4年目に関しては学校の方のカリキュラムも自由になっていて、ある意味進路を考える期間になっていて、3年目の今日から始まる人工ダンジョンでの連泊を通しての訓練が最終的な進学試験とも言える行事だったりする。
「美味しい…!」
「はは、セリアはいつもありがとう。いつもと変わらないご飯なんだけれどもね。私の愛情がスパイスと言っておこうかな?」
セリアちゃんも笑顔が増えたと思う。
まぁ、学校では私達は針の筵みたいな形で扱われてるけれども。3年目となれば慣れたものだ。
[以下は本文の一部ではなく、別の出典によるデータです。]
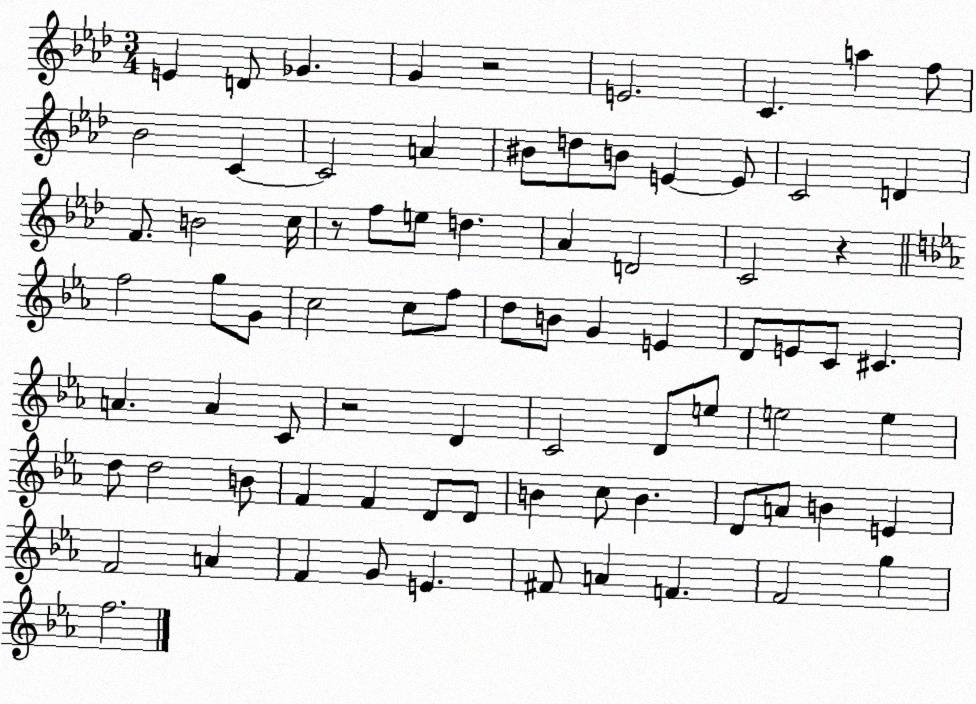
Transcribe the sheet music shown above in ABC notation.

X:1
T:Untitled
M:3/4
L:1/4
K:Ab
E D/2 _G G z2 E2 C a f/2 _B2 C C2 A ^B/2 d/2 B/2 E E/2 C2 D F/2 B2 c/4 z/2 f/2 e/2 d _A D2 C2 z f2 g/2 G/2 c2 c/2 f/2 d/2 B/2 G E D/2 E/2 C/2 ^C A A C/2 z2 D C2 D/2 e/2 e2 e d/2 d2 B/2 F F D/2 D/2 B c/2 B D/2 A/2 B E F2 A F G/2 E ^F/2 A F F2 g f2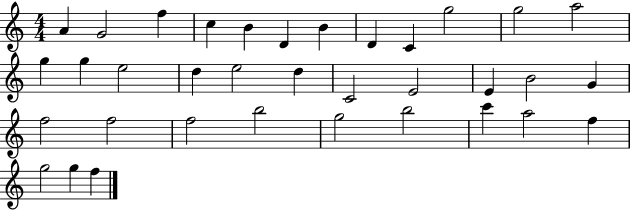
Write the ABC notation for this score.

X:1
T:Untitled
M:4/4
L:1/4
K:C
A G2 f c B D B D C g2 g2 a2 g g e2 d e2 d C2 E2 E B2 G f2 f2 f2 b2 g2 b2 c' a2 f g2 g f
それにアメリア曰く、そういうのは放っておけば良いと言っていた。
けれども、ちゃんと世間と言うのには目を光らせないとも教えてくれた。
そういう意味ではセリアちゃんへの風当たりは余り良くないと言える。
最近はそれが顕著になってるとも言える。
何かと言われると分からないけれども、ダンジョンとかで探索していたら、罠があるなぁ…危険だなぁと気付いた時や、その前の空気感みたいなものだ。
リコちゃんはセリアちゃんの進路に関して、王家が難色を示しているし、各貴族が変に意識してるからかもと言っていたけれども、私は不安だ。
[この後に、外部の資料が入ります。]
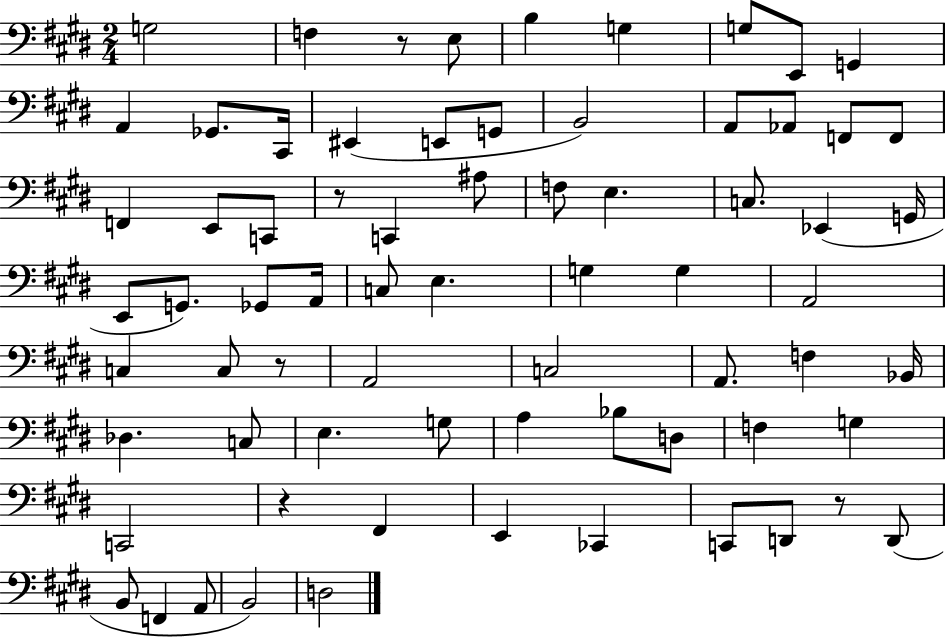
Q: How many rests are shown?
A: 5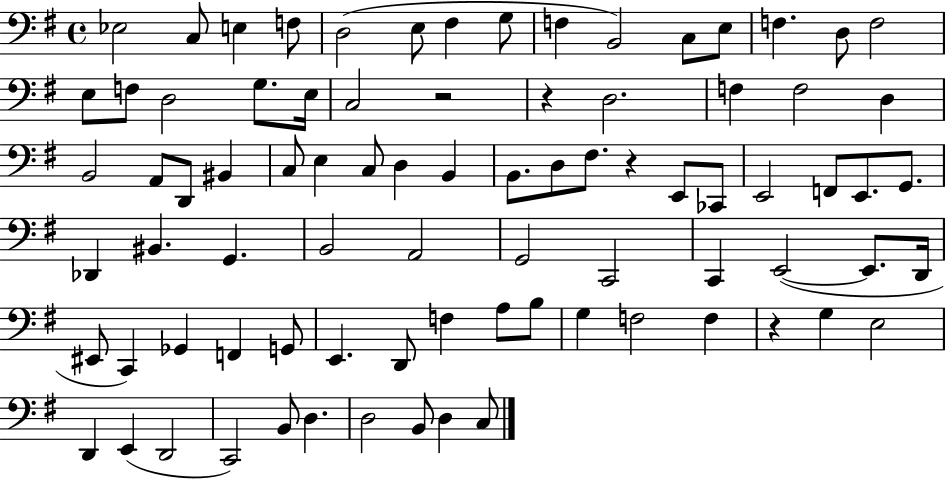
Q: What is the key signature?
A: G major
前にコッソリとアメリアに聞いてみたけれども、子供は今は心配しなくても大丈夫だよとニッコリと教えてくれたけれども。
アメリアのニッコリはたまに怖い時があるから、ソレに近いニッコリを見て、私は「あ、大丈夫だ」と思ってしまったのも秘密だ。
まぁ、セリアちゃんがニコニコしてくれてるのなら私も嬉しい。
そして、私の最近の役目は週に1回、リコちゃんは王都の冒険者ギルドで働いてるけれども。
受付嬢として立ち始めた頃から、野暮な冒険者がリコちゃんに過剰に接した時のお灸を据える役目だ。
リコちゃんも綺麗になったと思う。
まぁ、アメリアはみんな可愛くなったと言ってニコニコだけれども。
そして、私の事は見事に進化を果たしてウルフ系の中でも最高位の進化を果たしたウルちゃんが見張ってくれてるから安心安全だったりしていた。
大きくなるかな? と不安だったけれども、大きさは大きいけれども、そのままで、もっと毛並みが綺麗になった感じだった。
まぁ、アメリアはもう一段階先があるかもと言ってたけれども、私も知る限り、その先というのは神の領域と言われてる神獣のフェンリルだ。
ウルちゃんがウル様になってしまうのだろうか?
「ウォン?」
フェンリルは喋れるとも聞くし、その時はお話が…いやいや、その前に人化という術もあったような…え、ウルが人に?!
「ステラちゃんー? 食べないの? ん?」
「はっ! た、食べるよ!」
い、いけない。
思考がそれていた。
セリアちゃんの言葉に促されては私は朝食を食べるのに取り掛かる。
そして、パクパクと食べきっては昨夜用意した冒険お泊まり道具をしっかりと最終確認して王立学校へと皆で向かうのだった。